Por su parte, Jesús subía continuamente al monte, solo o con sus discípulos, logrando unos niveles de conciencia y comunión con el Amor Infinito, que son un regalo para nosotros, sus discípulos y seguidores. También nosotros necesitamos, más que grandes elucubraciones, subir constantemente la “montaña” de nuestra propia conciencia, con la ayuda de un lugar geográfico que nos invite a apartarnos del ruido y de la rutina superficial.
2) Adoración y duda
Ante un Jesús que se manifiesta en la “montaña”, en la que se identifica con la Divinidad, los discípulos experimentan un doble movimiento: de adoración y de duda. Por una parte, sienten la necesidad de postrarse y reconocer esta presencia de la Divinidad en el Maestro, porque sólo con la adoración uno puede acercarse al misterio de Dios. Las palabras sobran o casi parecen a veces como una “blasfemia”, ya que nunca las palabras pueden contener la realidad que uno apenas alcanza a vislumbrar desde lo hondo de su conciencia.

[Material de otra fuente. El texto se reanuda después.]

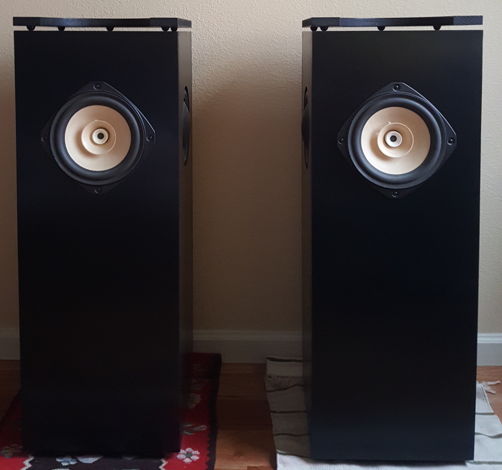 Decware HDT Full Range Speakers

Por eso los discípulos experimentan también la duda, porque, por una parte, parece casi imposible que Dios se nos manifieste en nuestra pequeñez y, por otra, somos conscientes que todas nuestras palabras y conceptos se quedan cortos y, en alguna medida, son falsos. Nuestros conceptos sobre Dios son siempre limitados y deben ser constantemente corregidos, con la ayuda de la duda, que nos obliga a no “sentarnos” en lo aparentemente ya comprendido.
3) El nombre de Dios
Los pueblos, culturas y religiones intentan acercarse, como pueden, al misterio de Dios, dándole nombres según sus propias experiencias culturales. Israel ha preferido abstenerse de darle nombre, porque comprendió que es innombrable. Cuando uno da nombre a una cosa, de alguna manera, toma posesión de ella y la manipula. Pero de Dios no se puede tomar posesión ni se lo puede manipular. De hecho, Jesús tampoco le da un nombre. Lo que Jesús hace es hablarnos del Padre, de su experiencia de identificación y comunión con Él y del Espíritu que ambos comparten. Y manda a sus discípulos bautizar “en el nombre del Padre, del Hijo y del Espíritu”. Al bautizar, no damos nombre a Dios, sino que somos nosotros quienes, en su nombre, somos consagrados, para ser parte de esta “familia” divina. Nosotros –y toda la humanidad– estamos llamados a ser parte de este misterio divino, uno y múltiple.
4) Dios-Comunión
Las religiones más importantes se han esforzado por llegar a la elaboración del concepto de un Dios único. Y ese es un dato importante. Pero Jesús, desde su experiencia en la “montaña” de su conciencia, nos manifiesta que Dios, siendo único, no es “monolítico” sino plural; no es “individualista” sino comunitario. De la misma manera nosotros, creados a imagen de Dios, somos llamados a vivir en comunidad. Ninguno de nosotros es completo en sí mismo, sino que necesita de los otros para parecerse a Dios Padre, Hijo y Espíritu. Cuando uno niega a un miembro de su comunidad está negando a Dios. Por eso adorar a Dios es acogerlo, al mismo tiempo, en el santuario de la propia conciencia y en la realidad concreta de cada ser humano, en su maravillosa singularidad y diversidad.